PROBLEM TO SOLVE: Restate word for word the lines below from the one that has "Lods, vue générale" through the one that has "Private one-day tuktuk", keeping both and dropping all pictures.

DATA RECORDS:
____
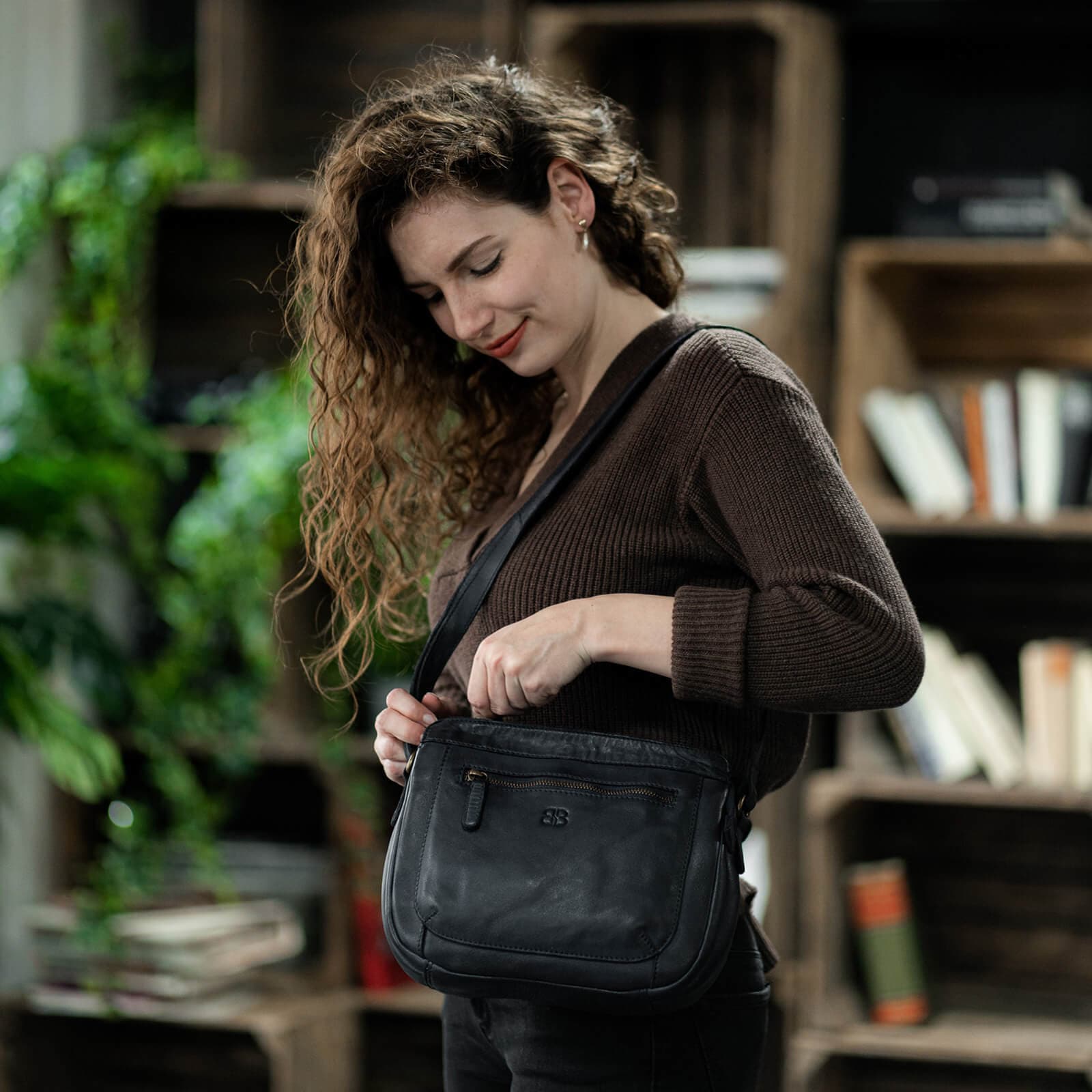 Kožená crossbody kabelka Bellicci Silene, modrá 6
____
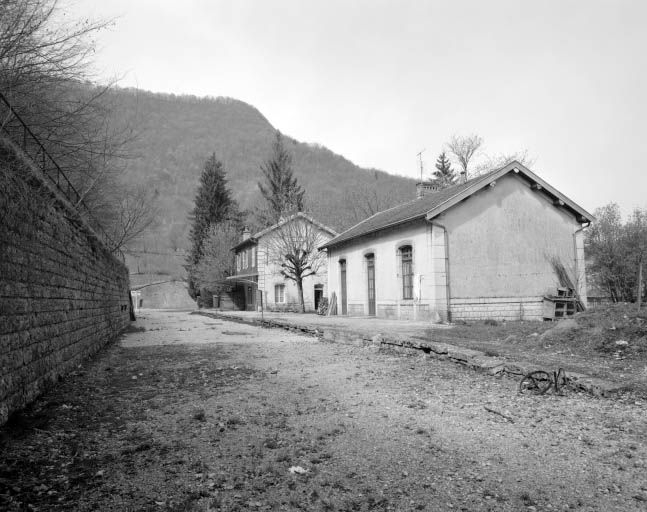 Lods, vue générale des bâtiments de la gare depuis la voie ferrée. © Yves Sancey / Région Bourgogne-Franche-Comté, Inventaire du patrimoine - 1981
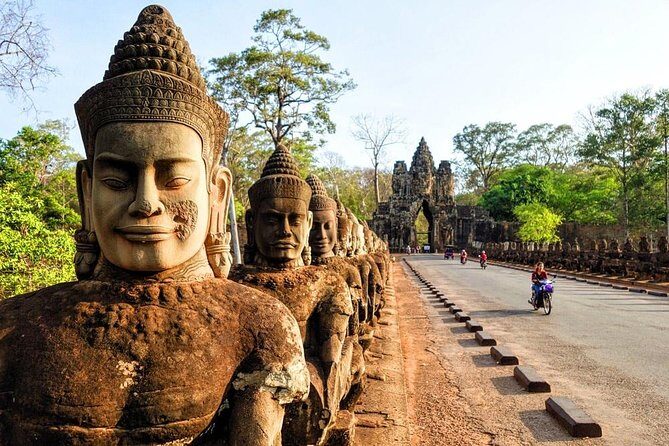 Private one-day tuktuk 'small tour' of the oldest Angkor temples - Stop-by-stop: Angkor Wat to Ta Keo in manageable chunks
____
RESULT OF THIS EXERCISE:
 Lods, vue générale des bâtiments de la gare depuis la voie ferrée. © Yves Sancey / Région Bourgogne-Franche-Comté, Inventaire du patrimoine - 1981
 Private one-day tuktuk 'small tour' of the oldest Angkor temples - Stop-by-stop: Angkor Wat to Ta Keo in manageable chunks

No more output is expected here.